Domestic Investors Pile Into Treasuries and May Begin Push for Higher Yields
America’s $15.6 trillion government-bond market -- the world’s largest and most liquid -- isn’t necessarily losing customers. But the biggest growth in demand is coming from the private sector, rather than the public side. That matters because if these price-sensitive buyers start pushing for better rates, it could help drive up the average interest rate on the nation’s debt, which is already close to a nine-year high.
The shift in the investor base is evident in auction results for 10-year Treasuries, a benchmark for global borrowing. The share of foreign purchases has stagnated as international reserves have peaked. But the proportion of domestic bids has risen steadily amid an explosion in exchange-traded funds and other passive-investment products. U.S. funds bought on average about half of each monthly offering in 2018, compared with around a fifth in 2010.
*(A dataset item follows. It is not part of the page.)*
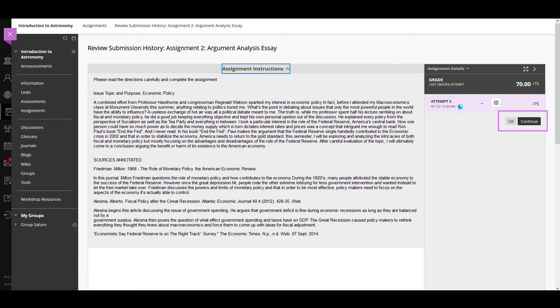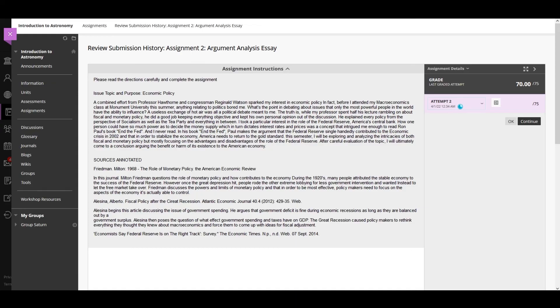If you may make another attempt, continue appears on the Review Submission History page. When you submit your assignment, your instructor is notified automatically that your assignment has been resubmitted.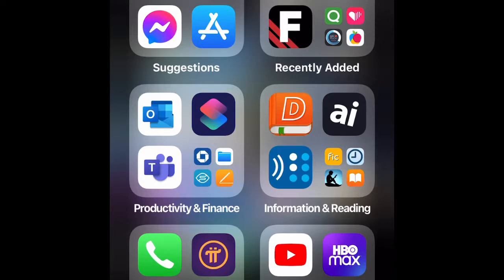Let's get started by going to the Shortcuts app. First I have to mention that there is more than one way to do this, but I choose to do it through the Shortcuts app for the purpose of my class. So let's go to Shortcuts.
“There has been an ongoing question about whether domestic buyers would be willing to absorb all the net supply or whether at some point Treasury yields would have to adjust up to a level where they became a more attractive asset,” said Brad Setser, a senior fellow at the Council on Foreign Relations and a former Treasury official.
The international investor base is also evolving, away from official accounts such as reserve managers and in favor of private buyers who may be less compelled to show up at auctions if the price isn’t right. About $6.2 trillion of Treasuries -- around 40 percent of the market -- is in non-U.S. hands, making these investors’ preferences crucial for America’s finances. Foreign accounts still buy large chunks of auctions, but locals have outpaced them for years.
“In essence it’s like all the increase in supply is being taken on by these investment funds, at least with respect to the auctions,” said Ankit Sahni, president of Exante Data, a New York-based research firm.
Foreign official demand has stagnated in part because of a decline in global reserves, which peaked almost five years ago. The U.S. currency’s strength has also played a role.
“Particularly since the appreciation of the dollar last year, foreign official holders in emerging markets have used their reserves more actively,” said Catherine Mann, global chief economist at Citigroup Inc., and former chief economist at the Organization for Economic Cooperation and Development.
What’s more, China’s waning current-account surplus leaves them less to recycle into Treasuries, and sanctions may have driven sales, judging by Russia’s actions last year.
Although international demand for U.S. assets is strong among Asian institutional buyers and Europeans seeking higher returns outside the euro area, “they’ve tended to move to buy agencies or corporate bonds,” Setser said. “That’s particularly true if you hedge.”
To be sure, the 10-year’s yield of about 2.78 percent -- more than a half-point lower than when the recession ended in 2009 -- reflects strong interest, particularly against a backdrop of solid U.S. growth. And while the bid-to-cover ratio -- a measure of auction demand -- on 10-year sales has trended lower over the past decade, it’s not far off its 25-year average.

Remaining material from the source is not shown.